Los astutos ojos de Hermes brillaron de presunción. Si cobraban tanto por aquellas esculturas, sin duda la suya tendría que costar una fortuna. O al menos eso fue lo que pensaba, pues estaba a punto de llevarse una desagradable sorpresa.

—¡Qué bella es esta estatua! —exclamó con admiración— ¿Cuánto vale? ¡Debe costar demasiado!

—Oh no —dijo el escultor con una sonrisa—, esa no le cuesta nada.

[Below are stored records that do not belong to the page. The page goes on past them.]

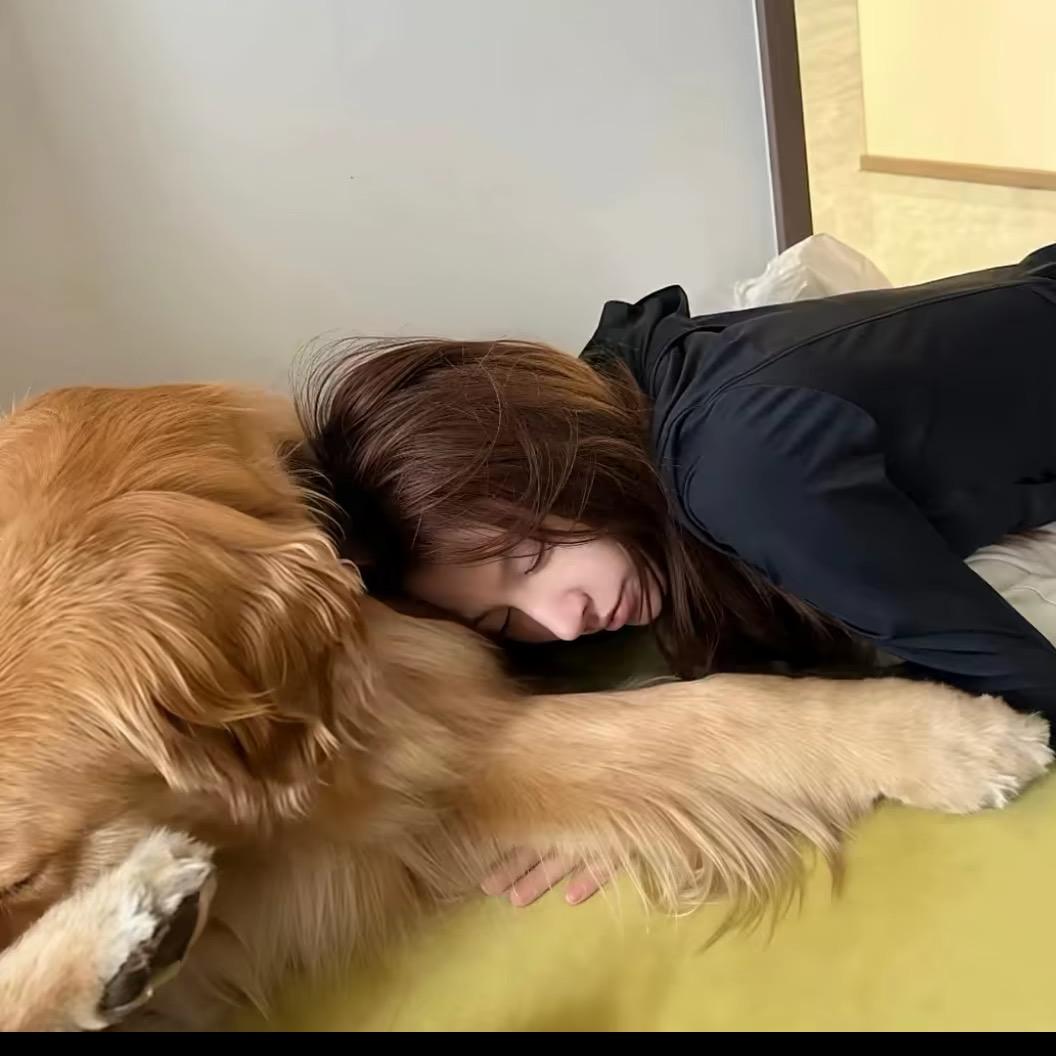 猫耳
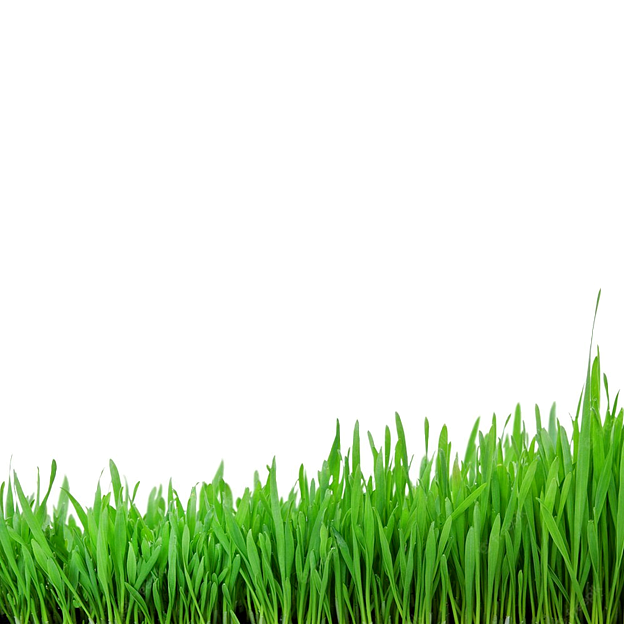 Instant gyep: Szakmai vélemény az instant fűmagról instant fűmag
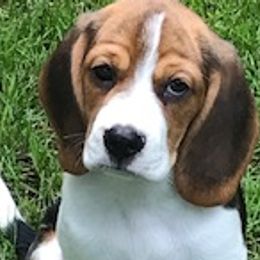 Beagles from Debra's Beagles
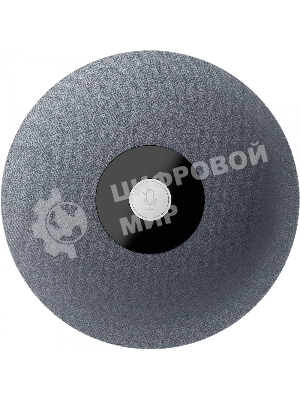 Микрофон Sber SDMIC-001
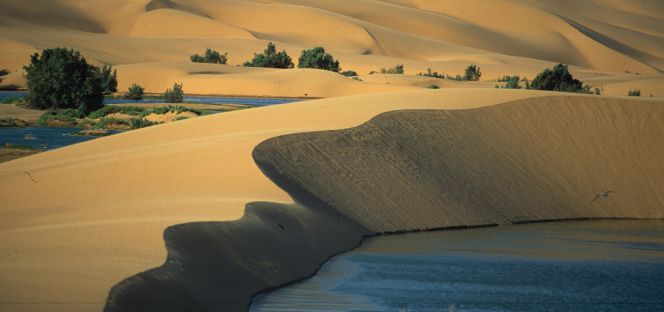 Dunas en el Valle del Draa.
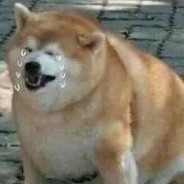 枪马了，我慌了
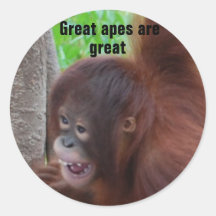 Great Apes are Great Stickers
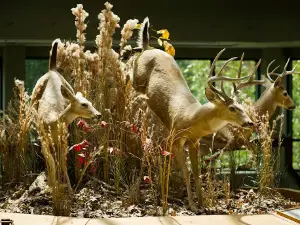 Mississippi Museum of Natural Science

Es más, si compra las dos primeras, se lleva esa usted de regalo.

Ofendido por sus palabras, Hermes se retiró del taller y volvió al Olimpo, donde preguntó a Zeus cual podía ser el motivo de semejante falta de respeto.

—Te tienes demasiada estima, cuando realmente no conoces a los hombres —le dijo él—. Cuando llegues a esforzarte más por hacerles un bien, que por ser amado, ellos te van a adorar sin que tú busques ese afecto.

Moraleja: Lo que este cuento corto para niños nos enseña, es a que no debemos confiarnos demasiado en nuestra vanidad. Hay gente presumida que se lleva muchas desilusiones, pues cree que merece más aprecio del que realmente se ha ganado. Sé amable con el mundo sin esperar nada a cambio y los demás te amarán por quien eres.